• REQUIRED ACTION: Begin at the line that holds "Christmas Pregnancy Announcement" and copy each line exactly until the data below ends, including that last line but no pictures.

(Captioned web images)
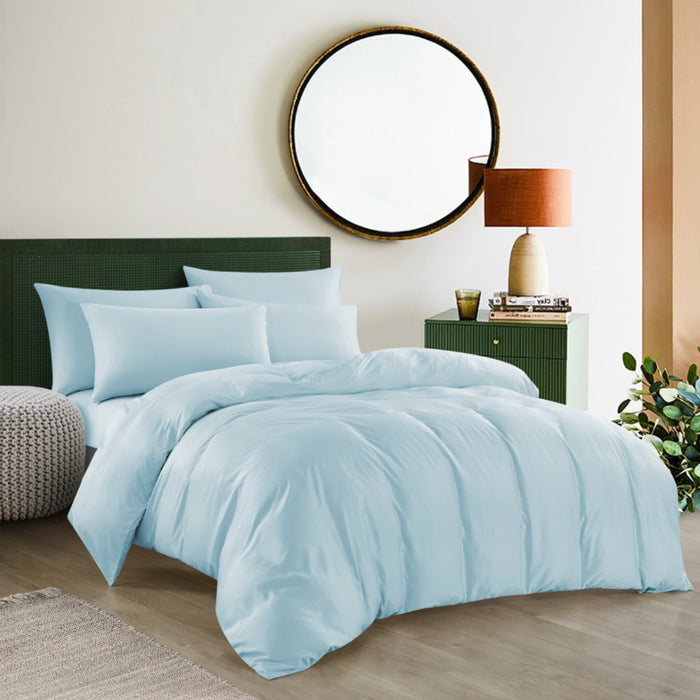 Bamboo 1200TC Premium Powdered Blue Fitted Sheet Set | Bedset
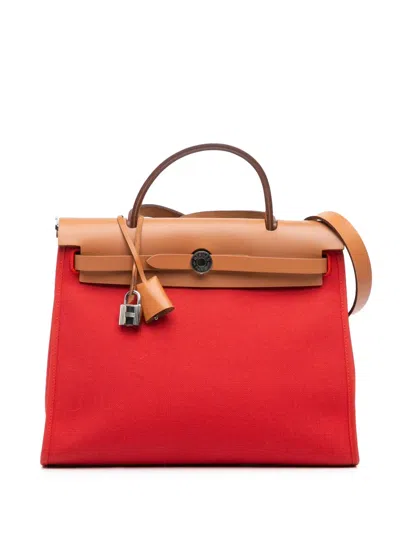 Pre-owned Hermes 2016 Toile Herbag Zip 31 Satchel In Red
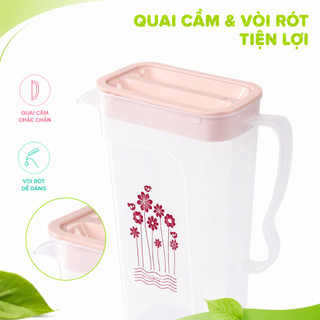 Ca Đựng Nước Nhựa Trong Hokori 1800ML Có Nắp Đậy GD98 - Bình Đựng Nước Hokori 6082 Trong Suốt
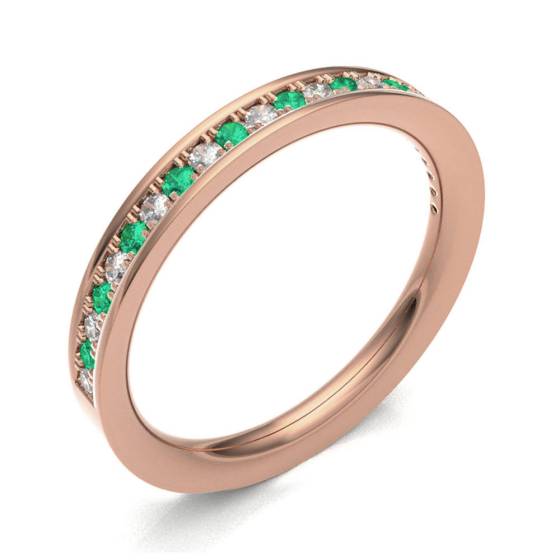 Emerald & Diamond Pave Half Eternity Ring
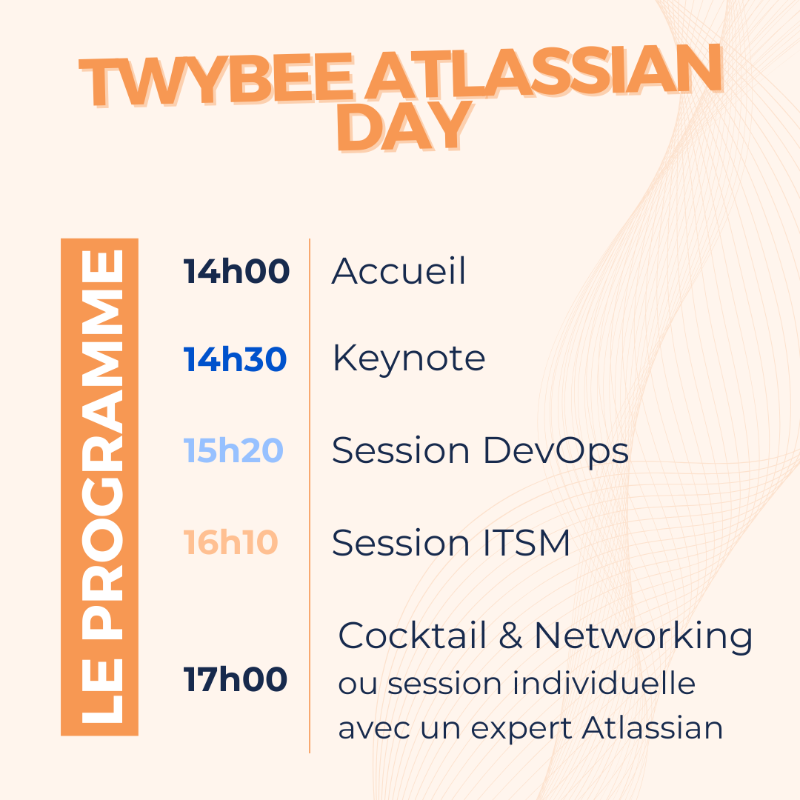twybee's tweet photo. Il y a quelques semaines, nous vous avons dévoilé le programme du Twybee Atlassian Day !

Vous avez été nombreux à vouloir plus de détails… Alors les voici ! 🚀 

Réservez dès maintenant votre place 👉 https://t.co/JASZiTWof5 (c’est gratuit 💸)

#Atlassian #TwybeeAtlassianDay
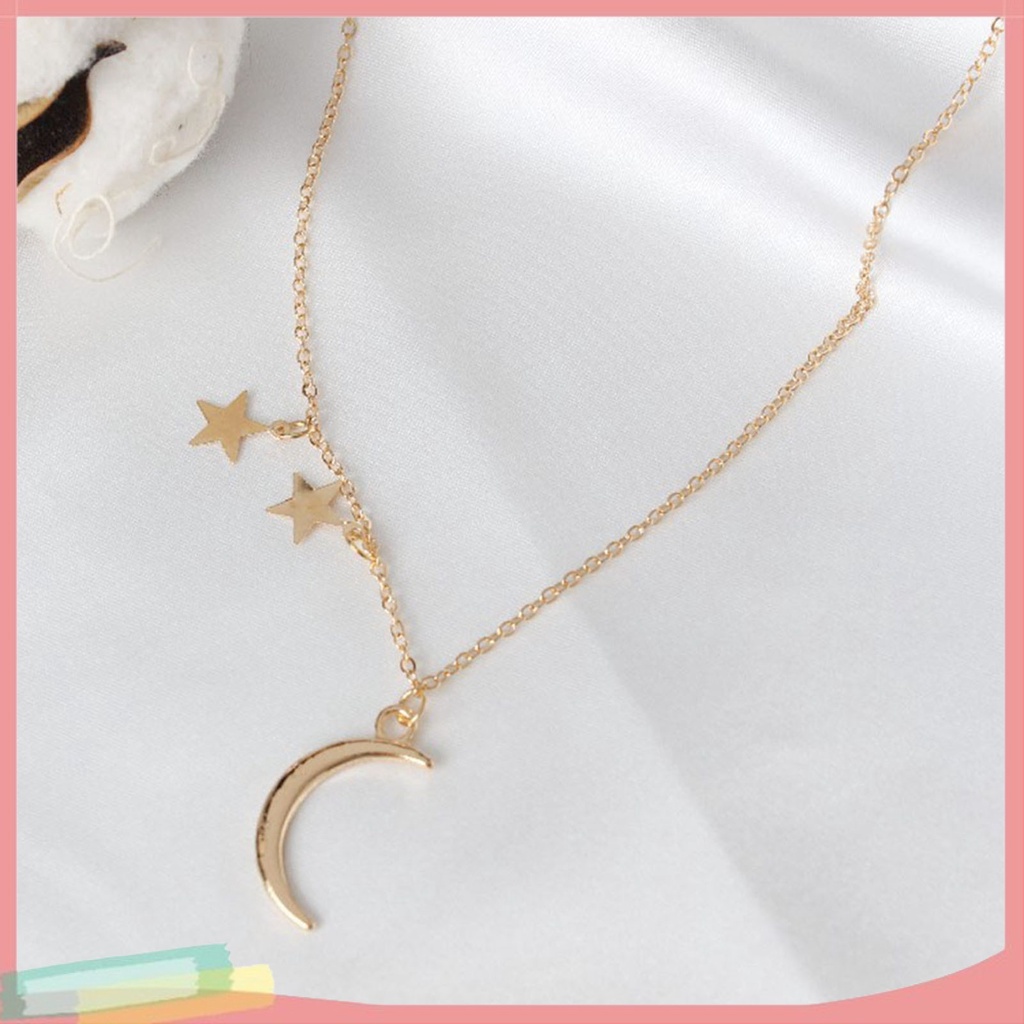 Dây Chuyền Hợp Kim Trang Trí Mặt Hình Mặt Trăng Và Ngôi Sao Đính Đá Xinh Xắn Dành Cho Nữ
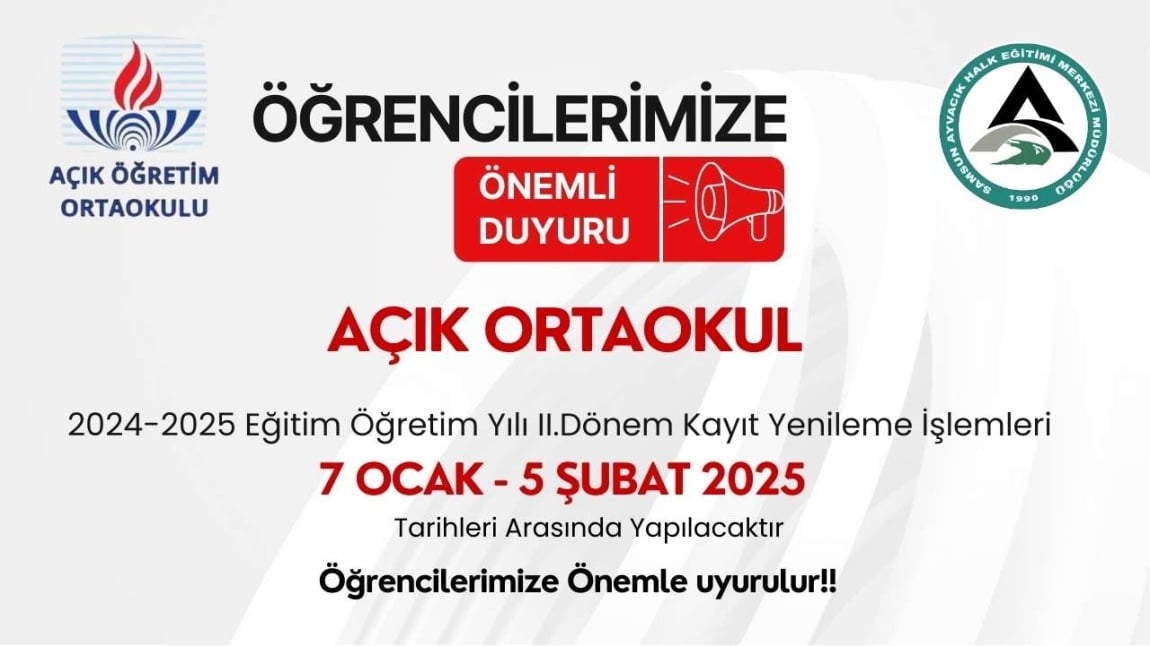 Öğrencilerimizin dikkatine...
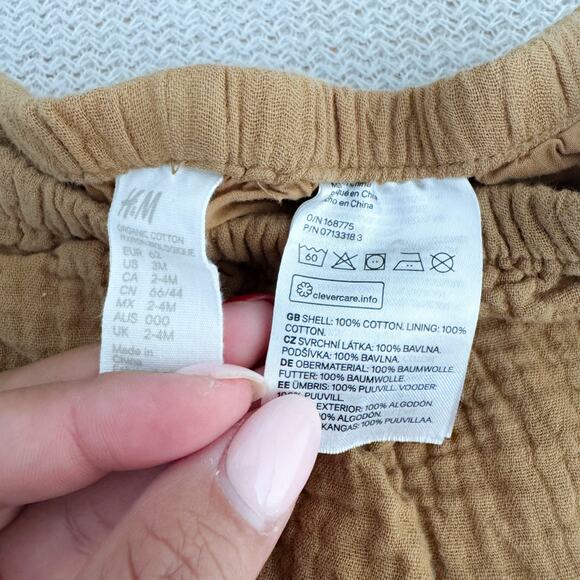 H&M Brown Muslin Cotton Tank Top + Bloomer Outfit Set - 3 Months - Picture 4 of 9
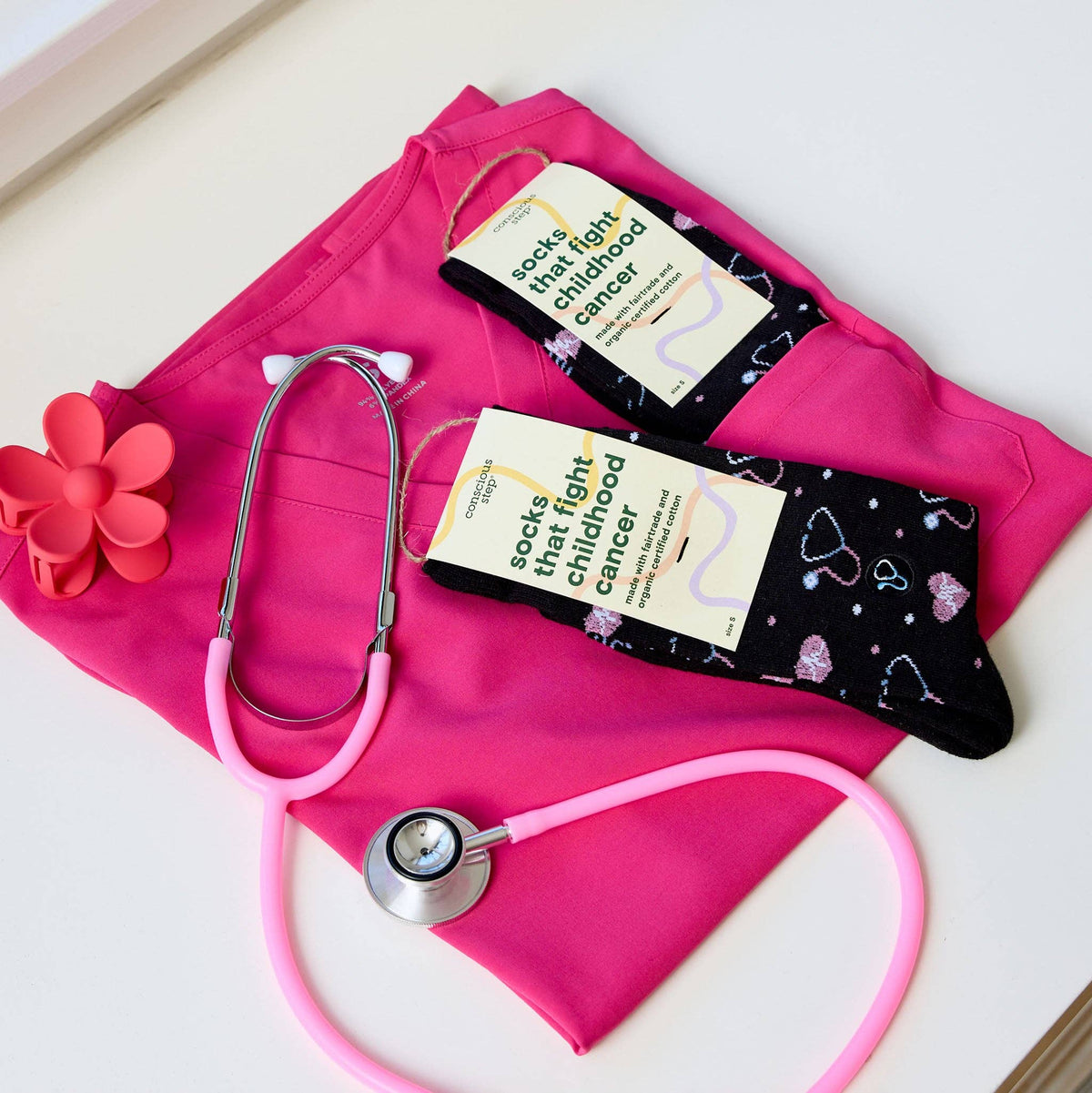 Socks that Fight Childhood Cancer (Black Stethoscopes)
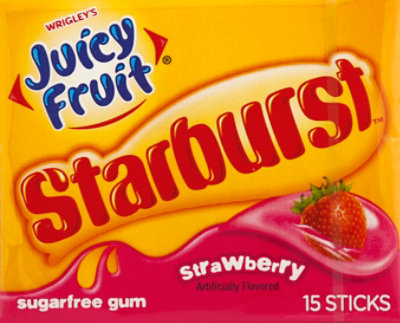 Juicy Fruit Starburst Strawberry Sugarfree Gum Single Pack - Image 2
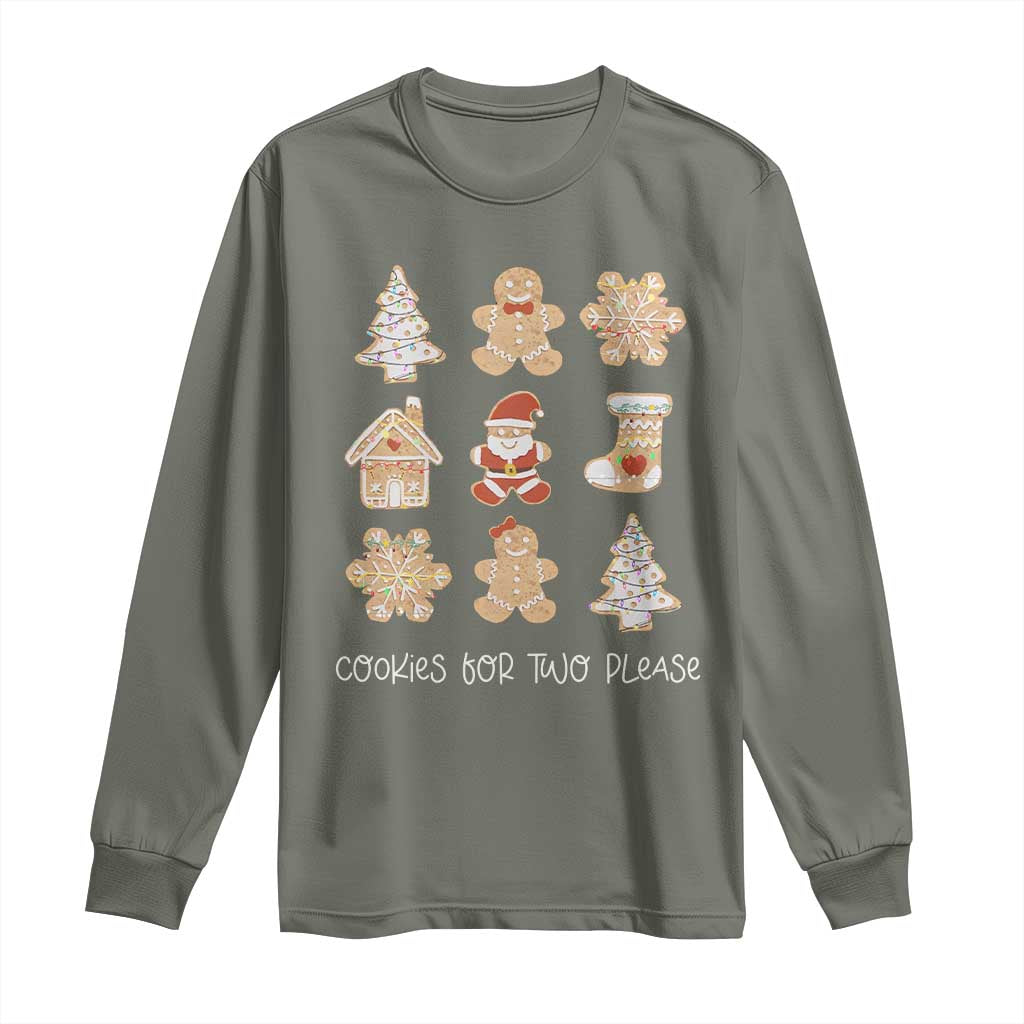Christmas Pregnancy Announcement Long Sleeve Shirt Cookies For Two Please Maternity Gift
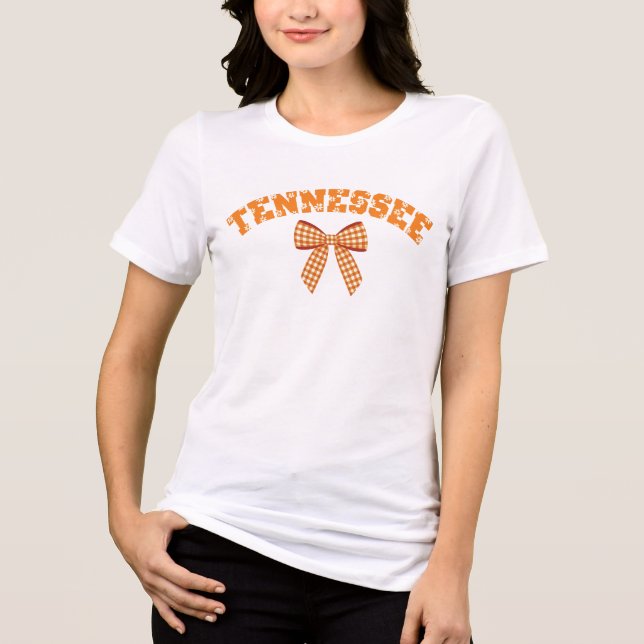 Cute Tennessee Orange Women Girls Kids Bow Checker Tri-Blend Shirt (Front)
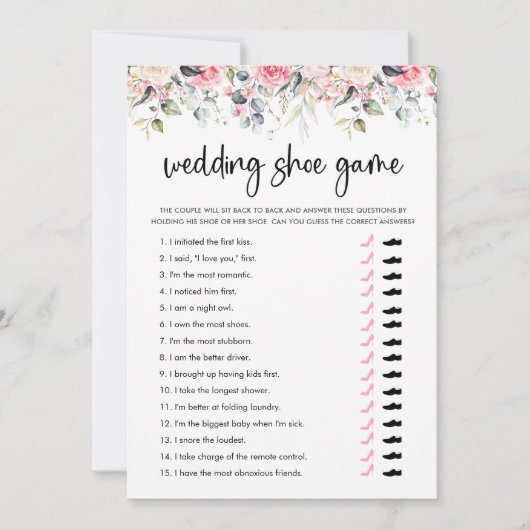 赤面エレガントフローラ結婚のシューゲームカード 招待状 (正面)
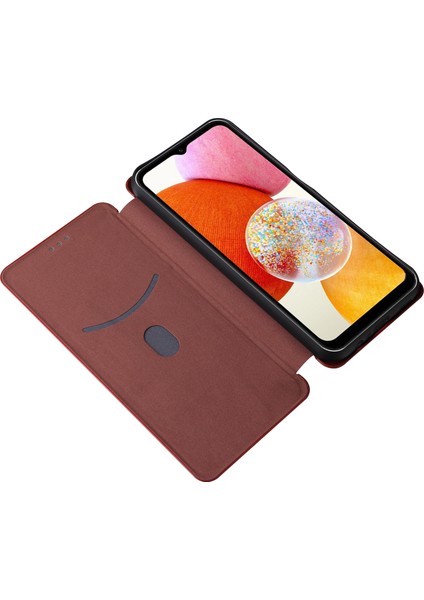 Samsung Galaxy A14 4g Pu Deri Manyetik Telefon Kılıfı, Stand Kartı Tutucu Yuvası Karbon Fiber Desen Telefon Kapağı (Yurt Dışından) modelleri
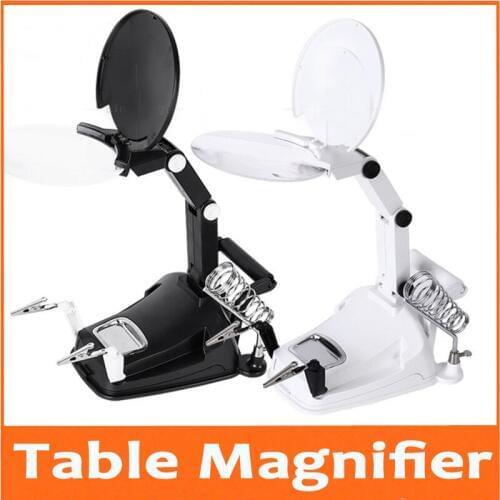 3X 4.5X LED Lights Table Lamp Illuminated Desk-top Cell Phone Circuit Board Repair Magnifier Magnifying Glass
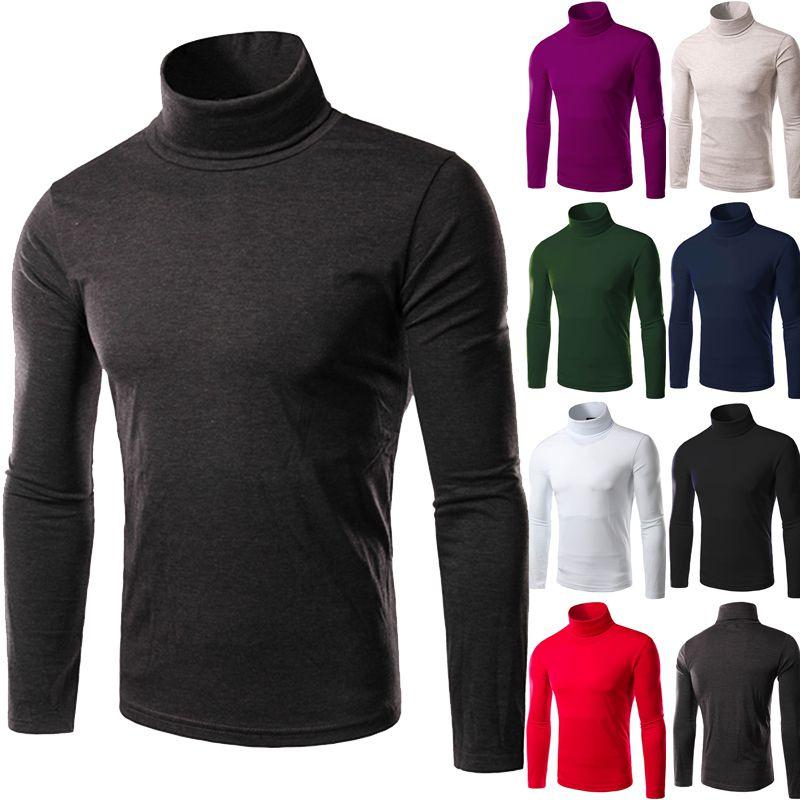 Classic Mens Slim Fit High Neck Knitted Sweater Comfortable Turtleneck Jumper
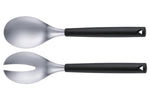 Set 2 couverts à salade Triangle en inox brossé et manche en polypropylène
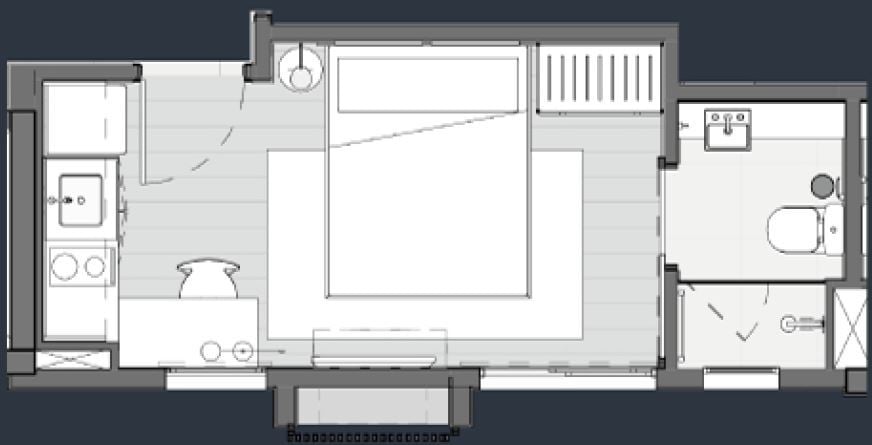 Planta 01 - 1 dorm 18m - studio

• TASK RESULT:
Christmas Pregnancy Announcement Long Sleeve Shirt Cookies For Two Please Maternity Gift
 Cute Tennessee Orange Women Girls Kids Bow Checker Tri-Blend Shirt (Front)
 赤面エレガントフローラ結婚のシューゲームカード 招待状 (正面)
 Samsung Galaxy A14 4g Pu Deri Manyetik Telefon Kılıfı, Stand Kartı Tutucu Yuvası Karbon Fiber Desen Telefon Kapağı (Yurt Dışından) modelleri
 3X 4.5X LED Lights Table Lamp Illuminated Desk-top Cell Phone Circuit Board Repair Magnifier Magnifying Glass
 Classic Mens Slim Fit High Neck Knitted Sweater Comfortable Turtleneck Jumper
 Set 2 couverts à salade Triangle en inox brossé et manche en polypropylène
 Planta 01 - 1 dorm 18m - studio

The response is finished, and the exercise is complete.